┌─ Given data

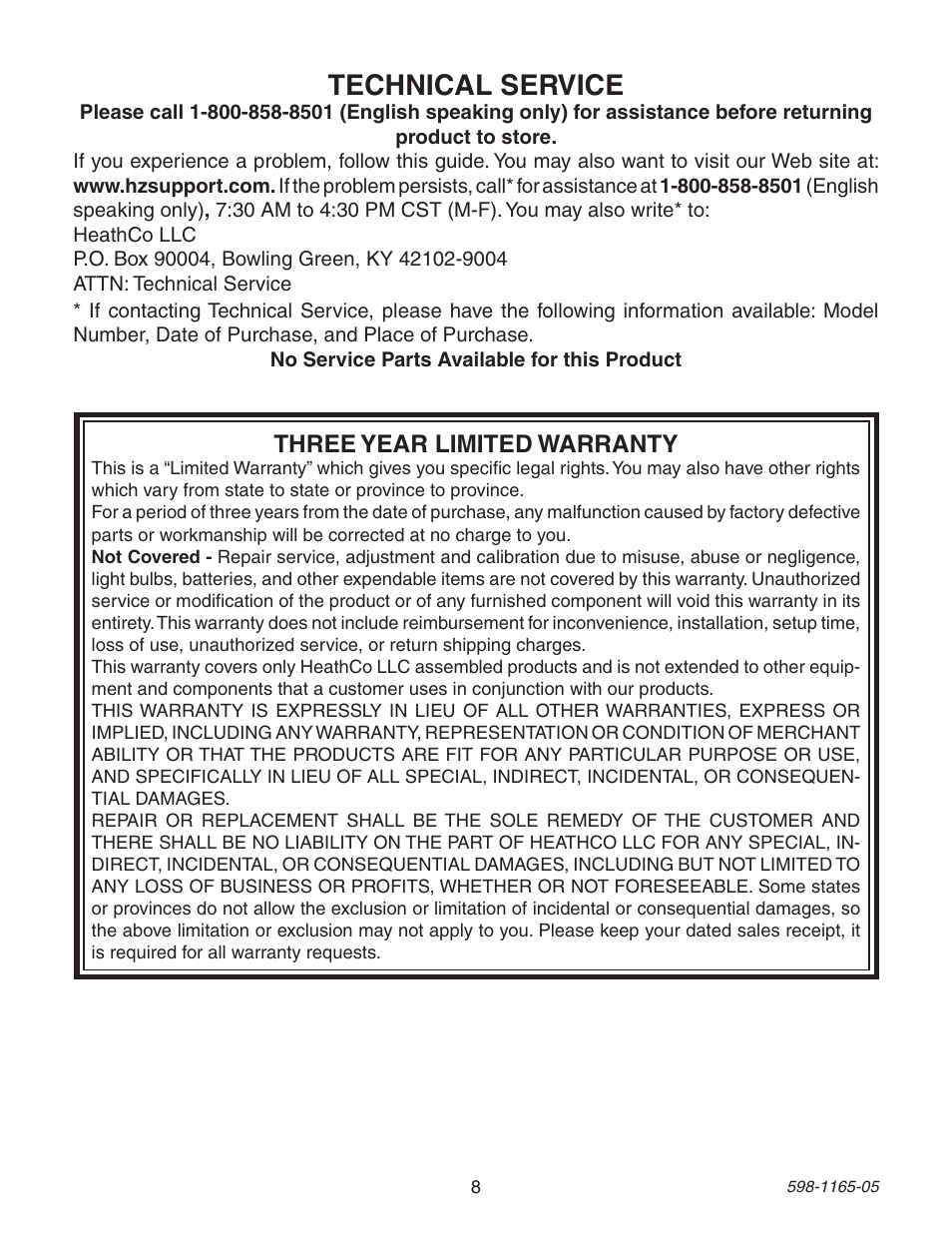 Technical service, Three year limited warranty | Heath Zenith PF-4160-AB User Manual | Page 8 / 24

└─
┌─ Given data

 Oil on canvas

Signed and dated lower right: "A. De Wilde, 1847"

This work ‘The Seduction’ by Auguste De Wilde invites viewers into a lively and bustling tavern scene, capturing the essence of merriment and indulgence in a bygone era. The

└─

**Task statement:** In the listing above, locate the line containing "Signed and dated" and the line containing "This work ‘The". Transcribe those two lines and everything between them, exactly as written.

**Answer to this problem:**
Signed and dated lower right: "A. De Wilde, 1847"

This work ‘The Seduction’ by Auguste De Wilde invites viewers into a lively and bustling tavern scene, capturing the essence of merriment and indulgence in a bygone era. The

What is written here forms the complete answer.